Vande Rose Profile

https://vanderosefarms.com/

 

Vande Rose Captures Markets Based on Flavor of Its Meats

Vande Rose Farms LLC was formed in 1999 from a base of three farm families: The Van Gilst, De Bruin and Rozenboom families. All are producers in Mahaska County in Iowa. They trace roots and a bond back more than 150 years, when the first-settler families were immigrants from Holland, coming to the state to farm the land and share work and lives.

Even the name of the company supports that long-standing, unique bond, using a part of each name to create Vande Rose.
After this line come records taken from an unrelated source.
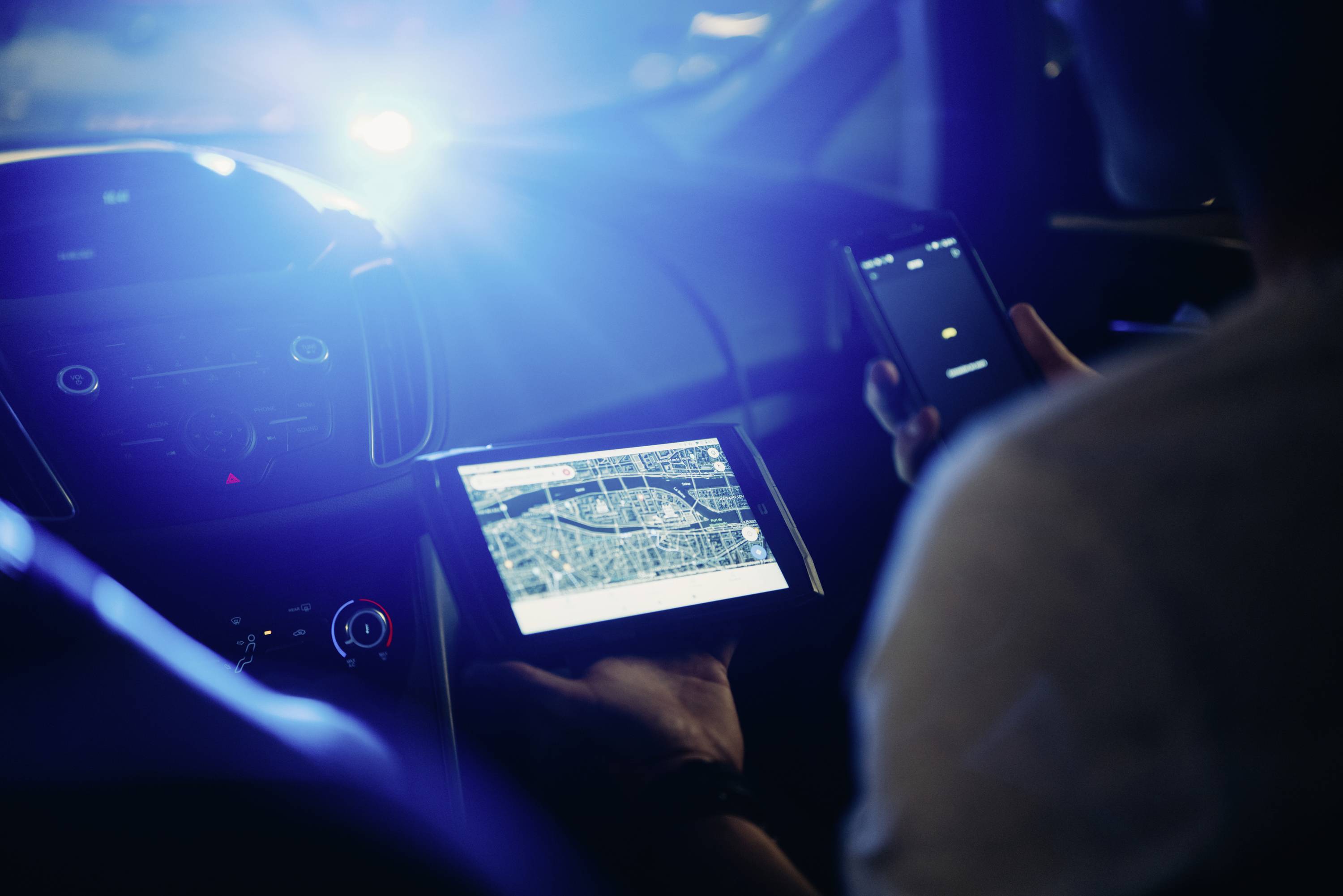 Osoba używa tabletu z mapą miasta w samochodzie, trzymając telefon komórkowy w drugiej ręce, przy świetle nocnym.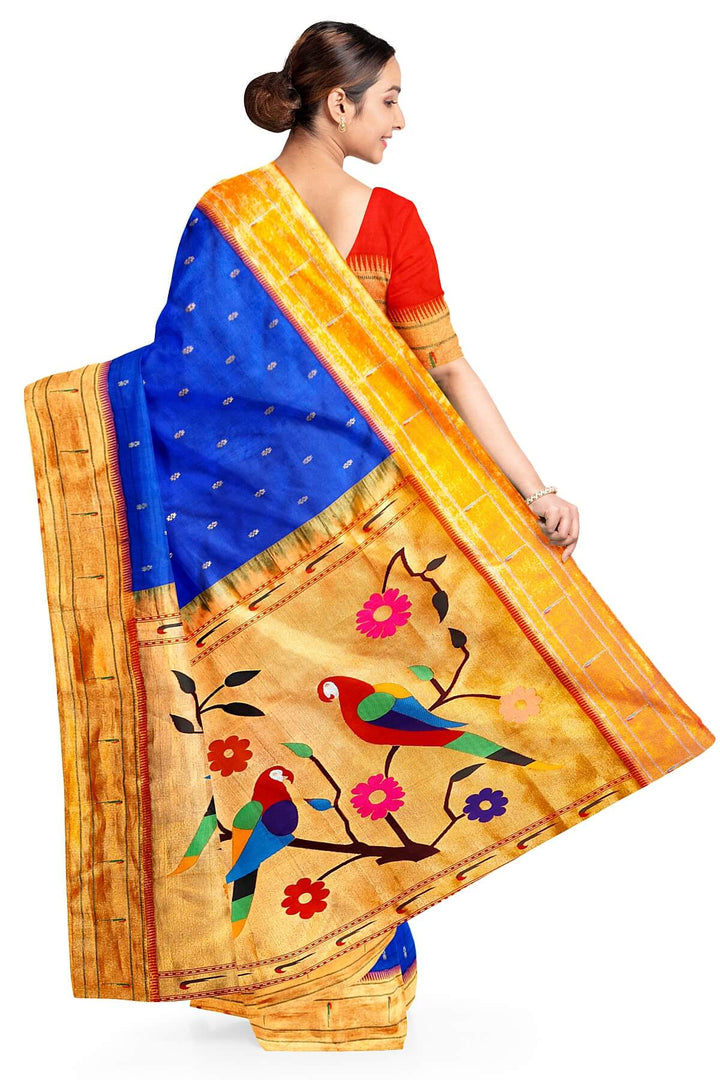 Paithani pure silk saree in royal blue with small floral motifs  on the body .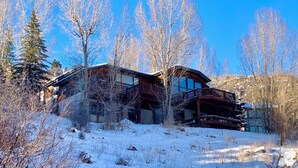 A log cabin with a balcony, surrounded by snow-covered ground and leafless trees. - Luxe Vail! 5 minutes to town. Dual Primary - Hot Tub - Free Ski Bus! Sleeps 10 (Vail)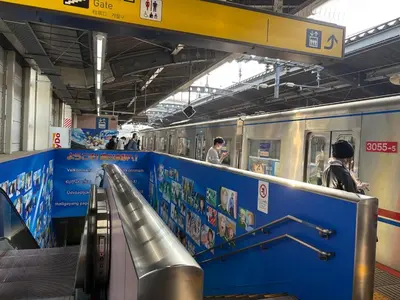 a subway station with people on a subway train at Direct to Asakusa Ginza & NRT HND 2025 New House in Tokyo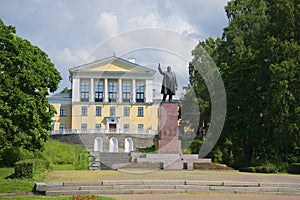 View of the monument to Lenin on a background of an urban high school in Zelenogorsk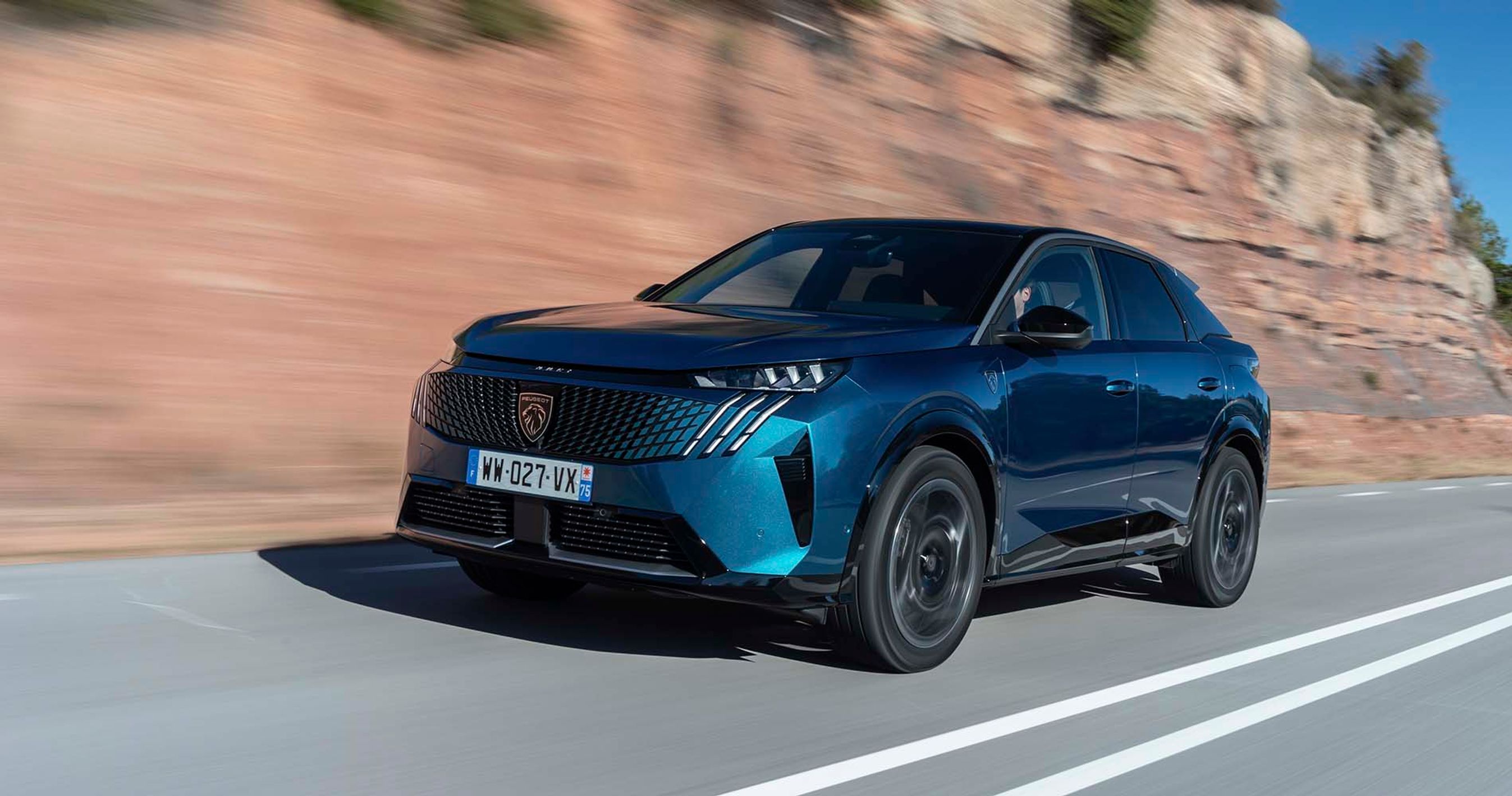 En Peugeot E-3008 elbil set forfra, mens den kører på en bjergvej med klipper i baggrunden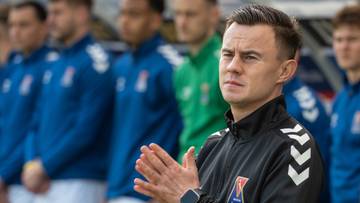 Trener drużyny piłkarskiej z dłońmi złożonymi w geście modlitwy lub koncentracji, w tle widoczni zawodnicy w niebieskich strojach.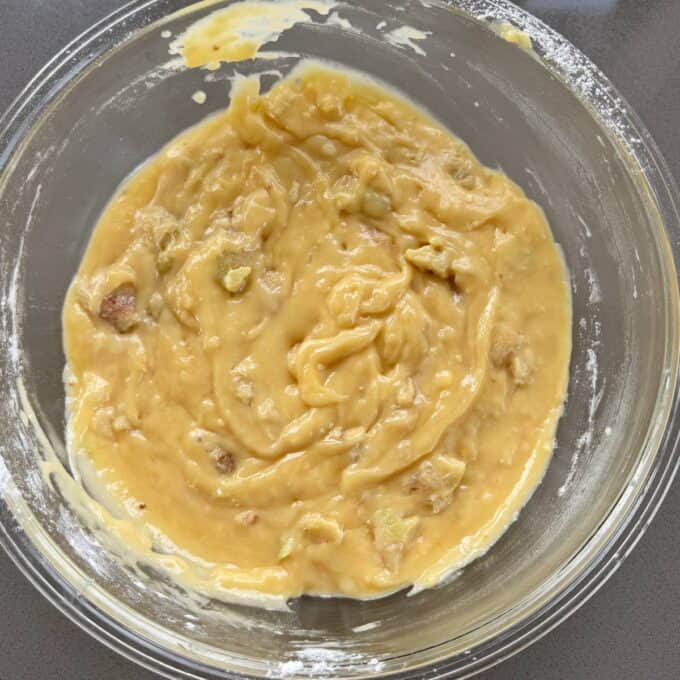 Feijoa Muffins A glass bowl containing a thick, yellowish batter with visible chunks, likely banana bread or cake mix, on a gray countertop.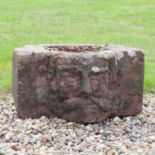 A sandstone planter,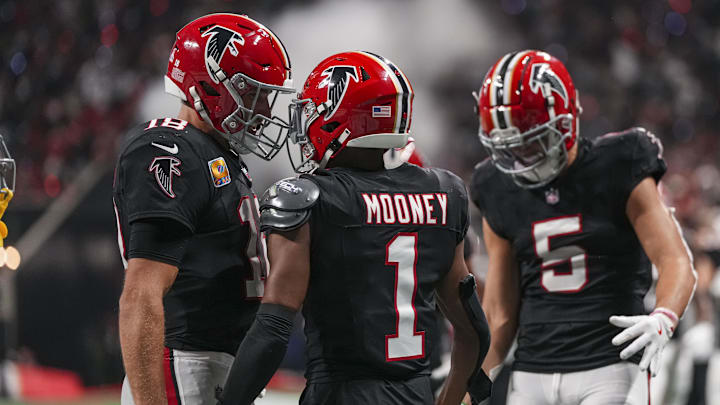 Kirk Cousins wasn't able to fully take advantage of Atlanta Falcons wide receivers Darnell Mooney (1) and Drake London (5) in 2024.
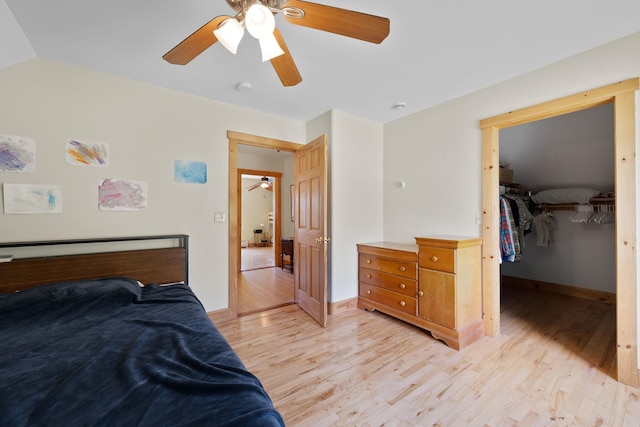 153 Wood Rd, Middlesex, VT 05682 - bedroom featuring light wood-style flooring, baseboards, ceiling fan, a closet, and a walk in closet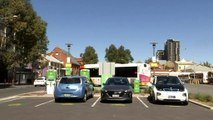 Energy companies trialling ways to help grid cope as more Australians switch to electric vehicles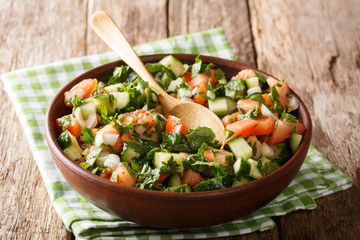 Closeup of freshly made homemade shirazi salad of cucumbers, tomatoes, onions and herbs in a bowl. horizontal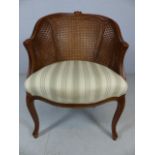 Wicker backed modern bedroom chair upholstered in green and cream fabric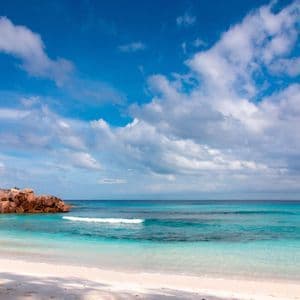 Ein tropischer Strand mit weißem Sand und türkisfarbenem Wasser schmiegt sich an eine felsige Küste mit Palmen unter einem blauen, bewölkten Himmel.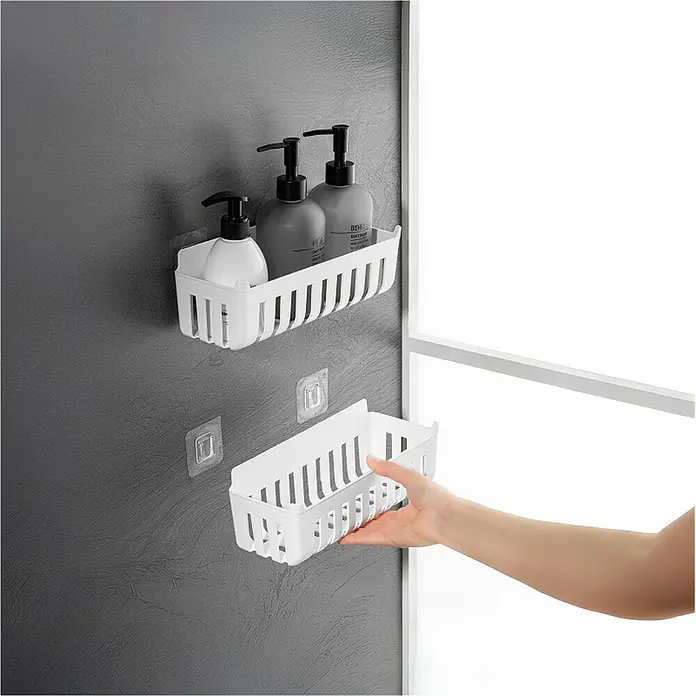 Cesta de baño Molly - 11 x 25 x 9 cm, Plástico, Blanco - Cesta de ducha de plástico blanco, una montada con botellas, otra sostenida por una mano, mostrando ganchos adhesivos.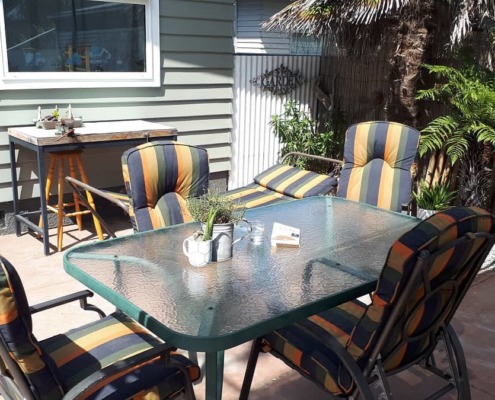 Outdoor chair upholstery table setting Napier Hastings NZ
From that simple family-farm history, a strong, successful, specialty meat production, processing and marketing story has blossomed. The three farms have stayed approximately the same size, and meat is still sold throughout south central Iowa. Since the 1990s, the families have defined their breeds as Duroc hogs and Hereford cattle, known for flavorful meat.

The business remains based in Oskaloosa, but Vande Rose Farms now also has a sales and marketing facility in Des Moines, Iowa, and this year added processing plants in Ackley and Wellsburg, Iowa, enabling it to bring to market its own further-processed items like bacon and ham. In 2007, it opened a retail meat store in Granite Bay in northern California, which according to Steve De Bruin, CEO of Vande Rose, is doing well.

A new entity – Source Verified Foods – has been formed to bring the processing function under the umbrella, he said.

Vande Rose produces, processes and sells meats that are:

  • Source verified (primarily beef and pork)
  • Breed specific (Duroc pork and Hereford beef)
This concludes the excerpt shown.